1. Joy Brown resigned her employment with Polk County voluntarily for personal reasons.
2. Joy Brown’s plan for Nathan Brown’s and NK’s residential arrangement had not been previously approved by her superiors or any other official of Polk County with appropriate authority.
3. Had Mrs. Brown proceeded with her plan for residential arrangements for Nathan and NK, she would have been in violation of Polk County Personnel Rule 16.1 in that the arrangement would tend to impair her independence of judgment in the performance of her official duties.
Polk County’s declining to reinstate Joy Brown following her
resignation was not a violation of any
5. Polk County did not foster or create any condition that would constitute a hostile employment environment for Joy Brown.
6. Polk County acted within the scope of its proper powers under Article II of the collective bargaining agreement, Management Rights, in declining to reinstate Joy Brown after her resignation.
This arbitrator has jurisdiction to resolve this grievance under the
applicable collective bargaining agreement.
This grievance is dismissed.
2. Pursuant to Article XII, Section 4 of the Collective Bargaining Agreement, each party shall bear one-half of the arbitrator’s fees and expenses.
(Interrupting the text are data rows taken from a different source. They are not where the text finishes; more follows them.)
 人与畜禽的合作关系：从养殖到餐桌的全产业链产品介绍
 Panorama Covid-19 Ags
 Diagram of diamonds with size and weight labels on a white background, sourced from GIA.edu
this 17th day of November, 2000
 At the end of the hearing a copy of the applicable collective bargaining agreement was produced and will be deemed Respondent’s Exhibit M.
During this arbitration hearing, counsel for the parties represented that
other litigation in State and Federal Courts, growing out of the same
circumstances at issue in this dispute, was proceeding independent of this
grievance procedure and was being prosecuted by counsel other than Ms.
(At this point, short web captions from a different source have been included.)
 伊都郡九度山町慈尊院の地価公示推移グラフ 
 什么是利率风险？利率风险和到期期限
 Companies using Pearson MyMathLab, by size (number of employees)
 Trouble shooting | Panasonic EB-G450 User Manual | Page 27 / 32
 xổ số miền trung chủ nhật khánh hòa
Hassler and Mr. Doyle. Both
counsel in this arbitration claimed not to be fully informed of the status
of the other litigation. Therefore
it is not clear to me what effect the other litigation may have on the
enforceability of any arbitration award in this proceeding.
At least for purposes of my jurisdiction, however, the fact that the
parties invoked and followed the stepwise dispute resolution process under
Article XII of the contract gives this arbitrator jurisdiction to decide
 Initials were used in most written communications referring to develop- mentally disabled children to protect their and their families’ privacy.
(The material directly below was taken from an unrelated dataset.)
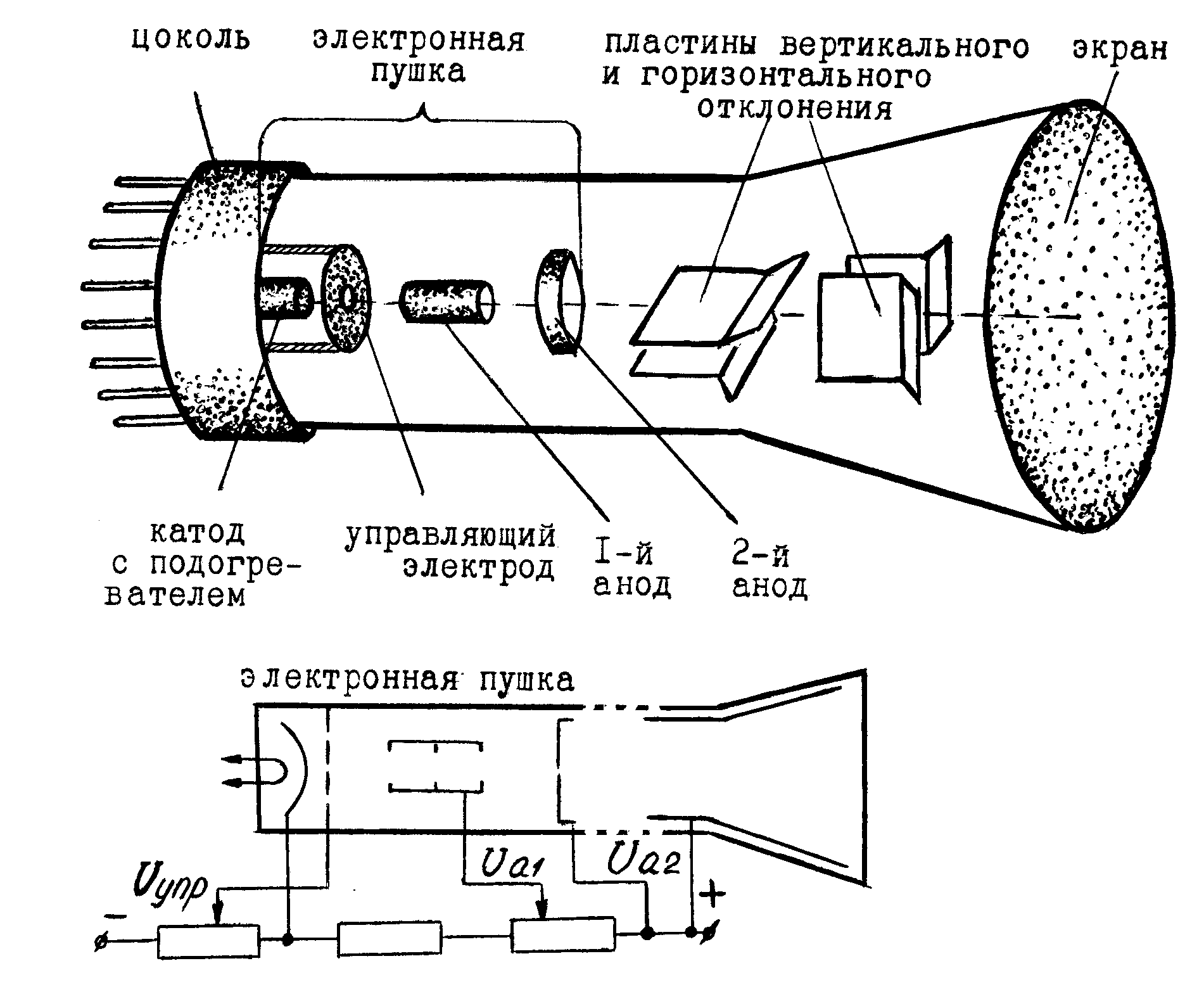 Устройство электроники. Электронно-лучевая пушка эп-60. Схема электронно лучевой пушки. Строение электронно лучевой трубки. Электронно лучевая пушка принцип.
 The e-mail attached summaries of the various memos discussed above regarding the meetings on July 29th and the August 6th and 9th communications to Mrs. Brown from Marsha Clark.
 Mrs. Brown was also advised around this time by the local AFSME Shop Steward that she should defer her resignation and that the County would be under no obligation to reinstate her if she resigned.
 The record does not reveal whether the plan to have both boys in the Brown home actually matured. At the time of this arbitration hearing, NK did not reside in the Brown home.
 A more comprehensive policy than Rule 16.1, applicable only to the Human Services Department, was in draft review from about 1997 and was finally adopted in the summer of 1999. Grievants contend that it was directed specifically at Joy Brown. It would explicitly have precluded the arrangement for Nathan and NK that Mrs. Brown had sought to carry out. Since Rule 16.1 is sufficient grounds for the county’s action, however, it is not necessary to address the issue of any conflict under the Human Services Department’s more specific rules.